Directions for this task: Each line in the data must be reproduced as written, except for any picture.

Excerpted data:
══════════
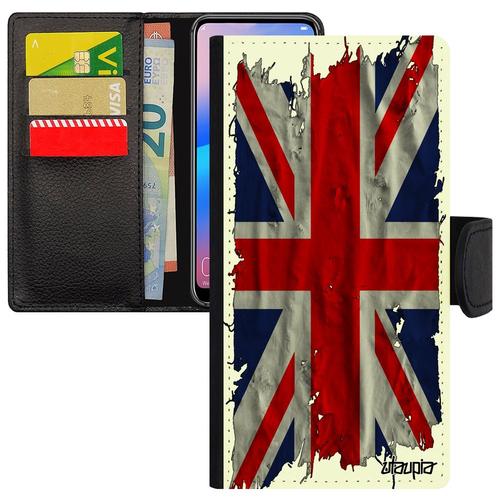 Coque À Rabat Samsung S24 Simili Cuir Portefeuille Porte Cartes Drapeau Union Jack Angleterre Anglais Foot Tissu Royaume Unis Galaxy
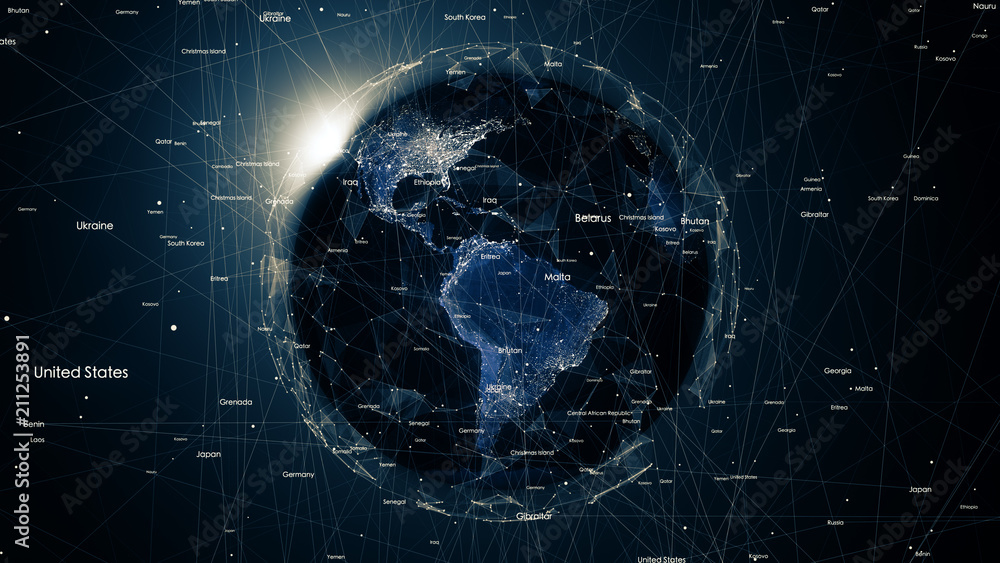 Global network connections around the earth Global network connections around the earth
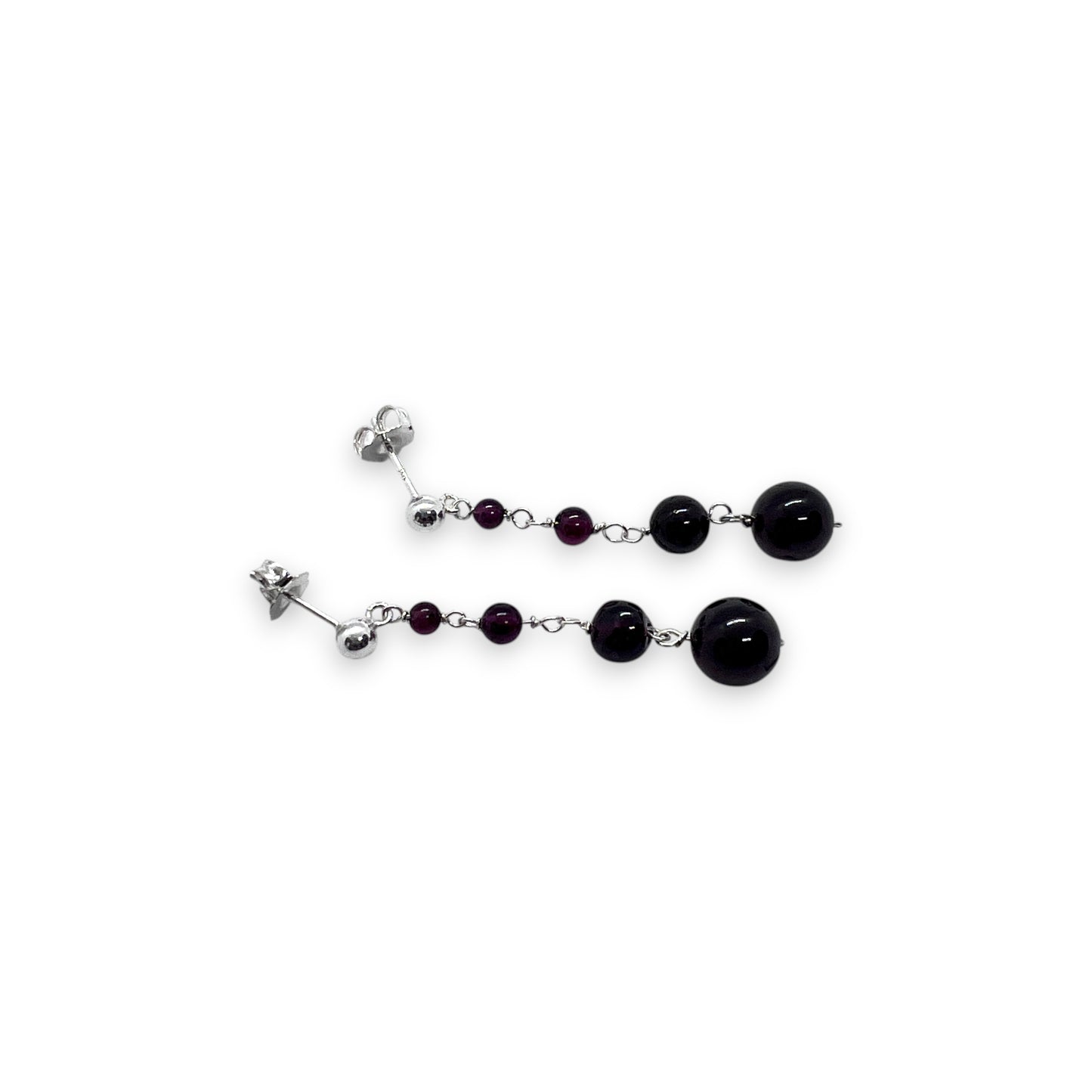 Silver Garnet Earrings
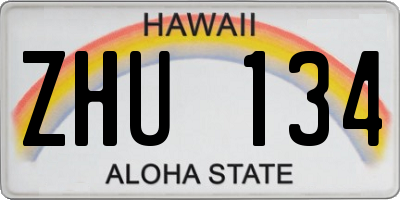 HI license plate ZHU134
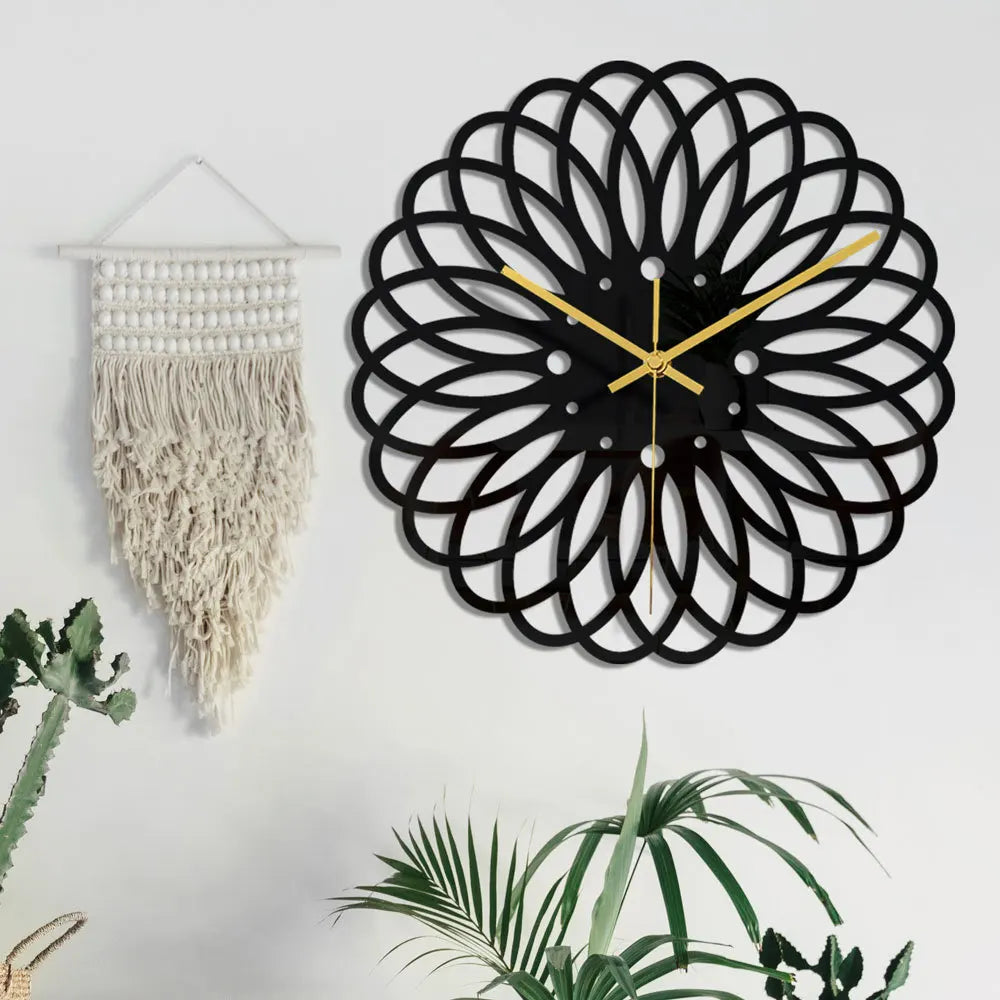 Metal Mandala Flower Wall Clock for UK interiors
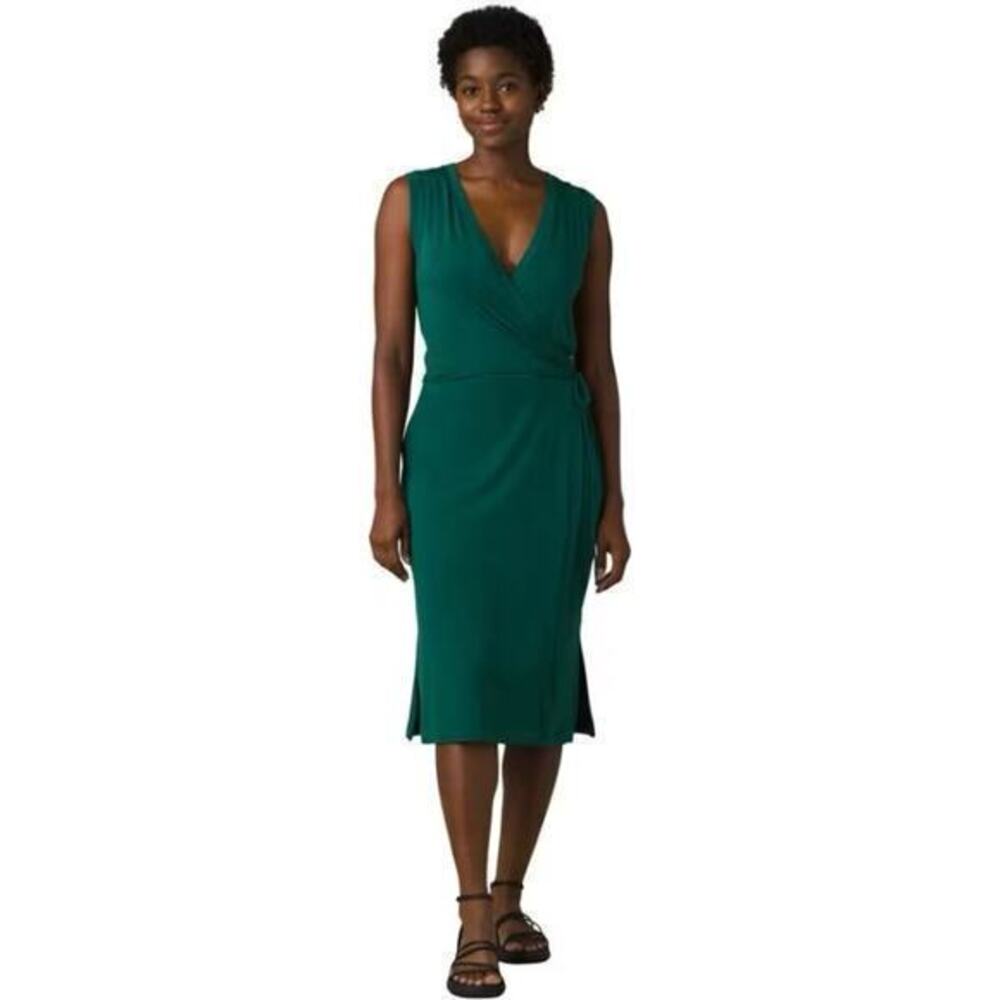 Prana Green Women Foundation Wrap Dress 1968521 deep pine green cozy size small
══════════
Expected output:
 Coque À Rabat Samsung S24 Simili Cuir Portefeuille Porte Cartes Drapeau Union Jack Angleterre Anglais Foot Tissu Royaume Unis Galaxy
 Global network connections around the earth Global network connections around the earth
 Silver Garnet Earrings
 HI license plate ZHU134
 Metal Mandala Flower Wall Clock for UK interiors
 Prana Green Women Foundation Wrap Dress 1968521 deep pine green cozy size small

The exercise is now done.